Dank und Grüße, Willibald


----------



## knorpe (25 Oktober 2010)

also von einer lib namens Mod_Dat hab ich noch nie gehört - sie jetzt auch nicht gefunden. ist das sicher eine offizielle b&r lib?

lg


----------



## Willibald0 (25 Oktober 2010)

*Mod_Dat*

Hallo Knorpe,

diese Datei ist tatsächlich von B&R, habe sie vor einiger Zeit mit nch weiteren Libs zur Verfügung gestellt bekommen. Die enthaltene Hilfe kann aber leider meine Fragen nicht beantworten. Leider habe ich auch keine Erfahrung mit Datenobjekten bei B&R.

Grüße, Willibald


----------



## knorpe (25 Oktober 2010)

dann ist sie wohl wie die CSV-Lib Inoffiziell von B&R.
stell mal das Package rein damit man es sich anschauen kann (inkl. Hilfe)

lg
knorpe


----------



## Claudandus (26 Oktober 2010)

Die Behandlung der Rezeptverwaltung erfordert einerseits eine Variablenstruktur (Rezept) und des Weiteren ein Datenobjekt. Im Datenobjekt werden alle Mitglieder der Variablenstruktur (Rezept) aufgelistet, und zwar unter Angabe eines eindeutigen Kommentars. Diese Kommentare dienen später in der .csv- Tabelle als Spaltenüberschrift. Als nächtes wird der Funktionsblock angelegt, der mit seinen Parametern vorbelegt werden möchte. 

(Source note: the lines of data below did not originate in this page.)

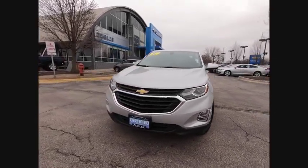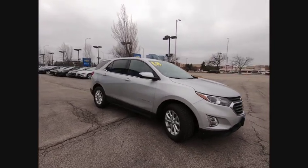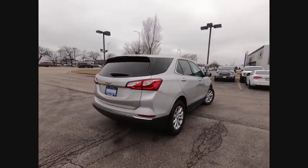Take a ride in the 2018 Equinox. Fuel efficiency, safety, and value equals the Chevy Equinox. This vehicle has less than 50,000 miles.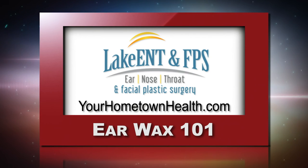To learn more about the procedures and services offered at Lake Ear, Nose, Throat and Facial Plastic Surgery, just click on the Earwax 101 story link on our home page at yourhometownhealth.com.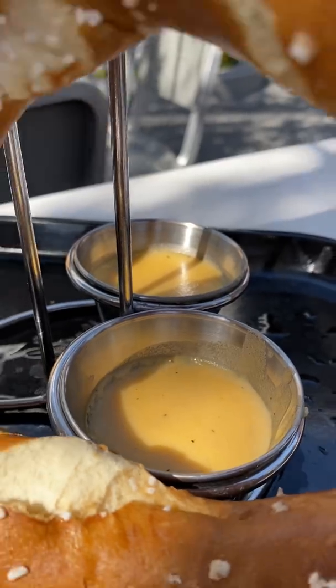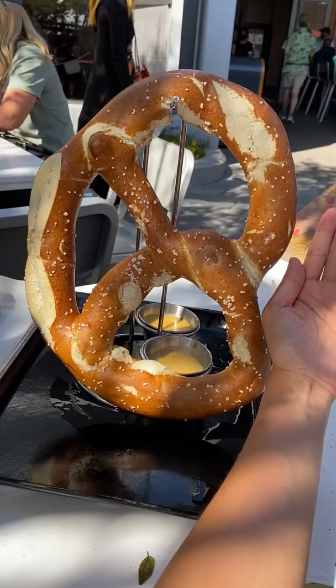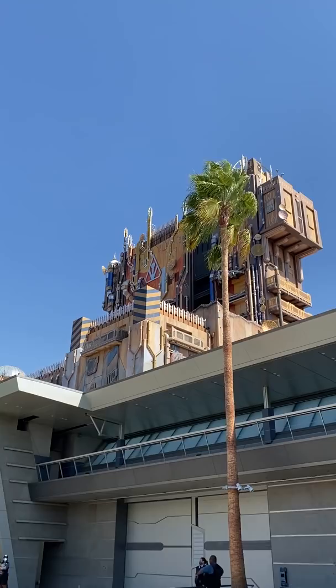Do you think you can finish this quantum pretzel? Our friend Julie from The Little Kitchen got this at Pym Test Kitchen in Disneyland. I had no idea why it was ginormous until Droolius said that it was a reference to Marvel's Ant-Man.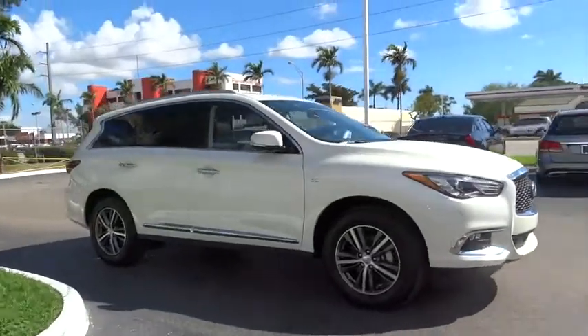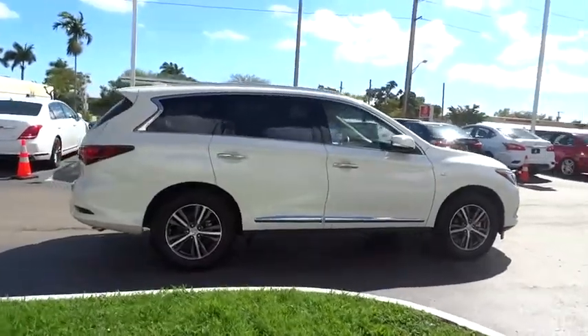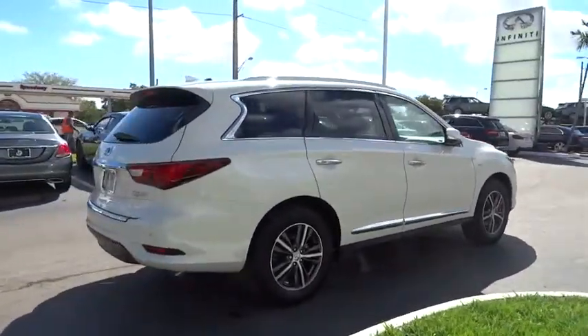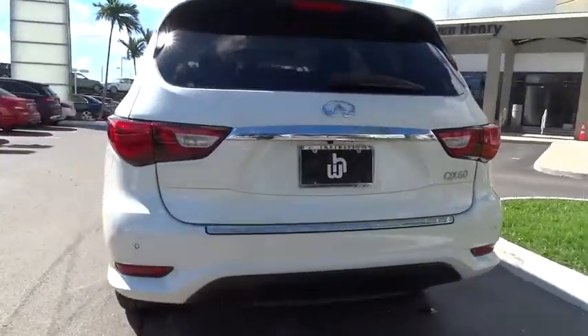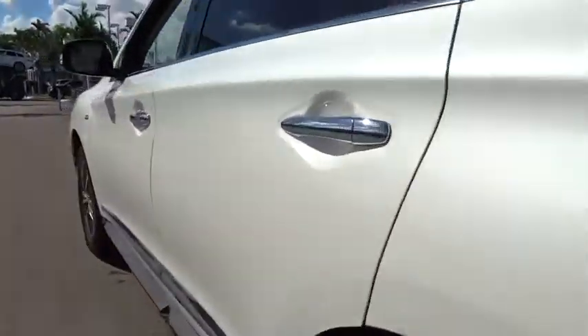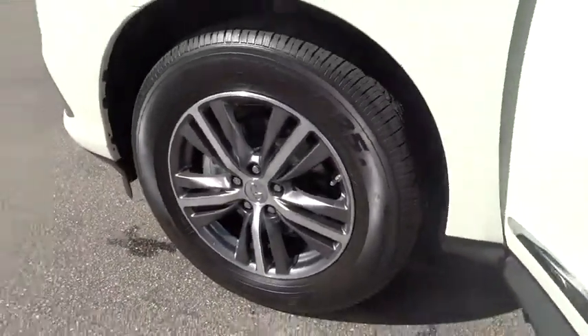The 2018 Infiniti QX60. The Infiniti QX60 is the perfect blend of luxury and practicality. This crossover SUV not only provides ample space for passengers and cargo, but also an interior that screams luxury. The QX60 offers extremely high levels of safety, all with a sleek new design.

Möchte man das Editieren der Variablen am Display mit der Anwendung der Variablen durch die Applikation trennen, so müssen zwei Funktionsblöcke, zwei Datenobjekte und zwei Variablenstrukturen angelegt werden. Diese müssen nacheinander initialisiert werden. 

Automatisches Abspeichern erhält man, wenn man allen Eingabefeldern der Variablenstruktur in der Visu eine _ComletitionDatapoint_ Variable anhängt. 
(wenn Var <> 0, dann speichern und Var = 0) Besser ist es aber, wenn nach Verlassen der Bildschirmseite gespeichert wird.

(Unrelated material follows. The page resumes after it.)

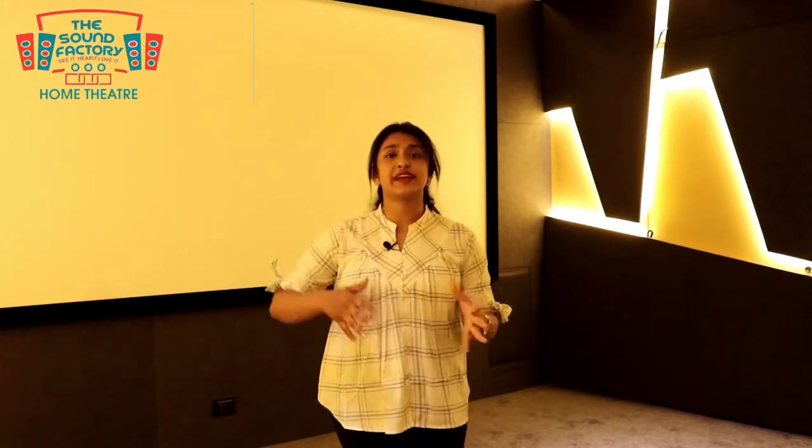Hello everyone and welcome to the Sound Factory. The Sound Factory is a complete home theater solution, and we have been in the industry for the last 10 years.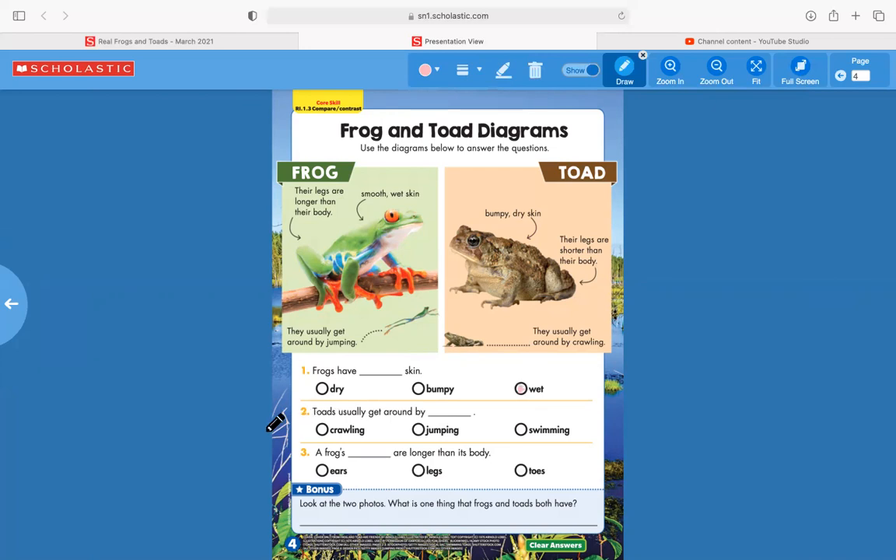Number two — toads usually get around by crawling, jumping, or swimming. Looking at the toad diagram, it says they usually get around by crawling. Go ahead and bubble in that circle next to "crawling." Number three — a frog's blank are longer than its body. The options are ears, legs, or toes. Looking at the diagram, it says their legs are longer than their body. Go ahead and bubble in that circle next to "legs."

Eine Vorbelegung ist nicht nötig, da beim Anlegen eines neuen Rezeptes eigendlich nur eine Kopie des zuletzt gelesenen Rezeptes erstellt wird.

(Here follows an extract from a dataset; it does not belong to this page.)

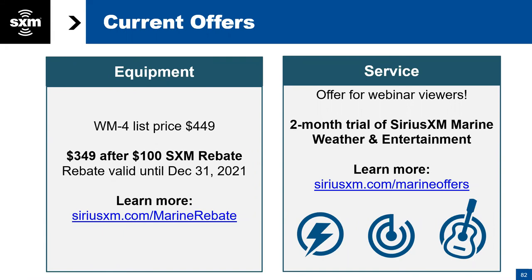The WM4 module is $449 — a better rate than the old WM3 at $899. Sirius XM is offering a $100 rebate as long as it's purchased before December 31st. Go to siriusxm.com/marine-rebate to learn about it, fill out the form, and get a $100 gift card. There is also a two-month free trial for the service. You can get that through siriusxm.com/marine-offers. Some great initial rebates and offerings to help you try the service.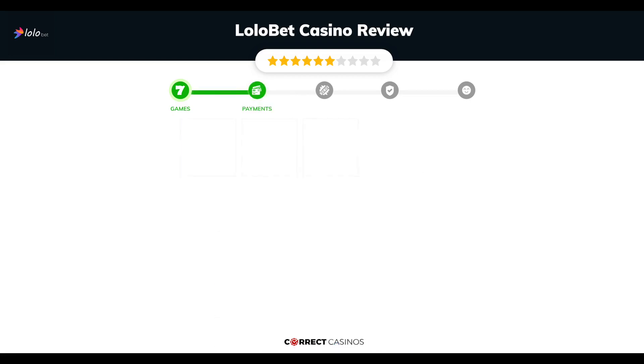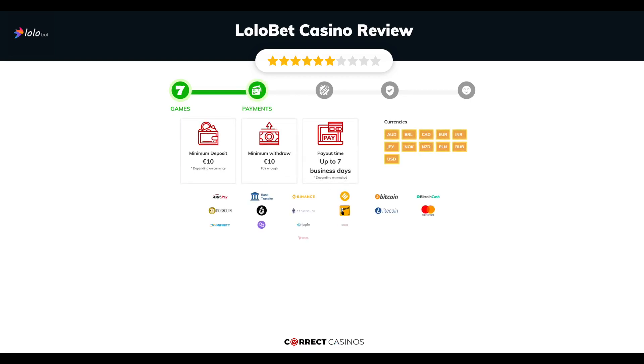Chapter 2: Payments. The minimum deposit amount at Lollobet Casino is just 10 euros, and the minimum cash out amount is 10 euros, which might vary depending on your currency. The usual cash out time is up to 7 business days, but this also depends on the selected withdrawal method. You can deposit or withdraw with AstroPay, Bank Transfer, Binance, Binance USD, Bitcoin, and others.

Ich hoffe ich konnte dem Themenstarter ein wenig nützlich sein, und möchte darauf hinweisen, dass die benannte Library _MOD_DAT_ evtl. Firmeneigentum sein könnte, und das eine eigenmächtige Verbreitung im Internet Konsequenzen zur Folge haben kann.


----------



## Ingmar64 (4 Februar 2011)

*Eigenmächtige Verbreitung ...*

Ich arbeite recht viel und gern mit B&R, weil da viele Sachen recht einfach zu machen sind, die mit S nur umständlich oder teuer (HW/SW) gehen. Aber die Firmenpolitik von B&R verstehe ich in diesen Fragen nicht so richtig. Warum muß sowas geheim sein? Da B&R bis auf die Quelltexte proprietär ist, können sowieso weder B&R-Bibliotheken woanders verwendet werden noch umgekehrt z.B. OSCAT bei B&R (zumindest ohne viel Handarbeit). Der Support, zumindest durch Büro Leipzig (andere kenne ich nicht), ist zwar sehr gut und schnell, aber ein richtiges Forum wäre auch nicht schlecht. Schließlich muß man ja nicht alle Erfahrungen selber machen. 
Zum Thema Rezeptverwaltung: Die habe ich bisher mit permanenten Arrays bzw. Structs gemacht. Das hat natürlich den Nachteil, das nur eine begrenzte Anzahl von Rezepten zur Verfügung steht, was aber bisher kein Problem war. Dazu gibt es noch Routinen, die die Rezeptliste ähnlich einer Ini-Datei auf CF schreiben und davon lesen können, so daß die Daten auch gesichert werden können. In einer solchen Konstruktion ist das angefragte Problem auch zu realisieren. Mit den Datenobjekten habe ich mich nach kurzen Versuchen nicht weiter beschäftigt, weil mir der Einarbeitungsaufwand für meine Aufgabenstellung zu hoch war. Für die "geheime" CSV-Bibliothek gilt ähnliches. Sie scheint sehr mächtig zu sein, aber deswegen auch unübersichtlich. Und hier war der Support dann auch am Ende.
Was ich mir wünschen würde, wäre Graph für B&R. Das wäre dann das ideale System! Dann würde ich S wohl nicht mehr angucken ...


----------



## bits'bytes (4 Februar 2011)

Hallo,



Ingmar64 schrieb:


> ....gut und schnell, aber ein richtiges Forum wäre auch nicht schlecht. Schließlich muß man ja nicht alle Erfahr......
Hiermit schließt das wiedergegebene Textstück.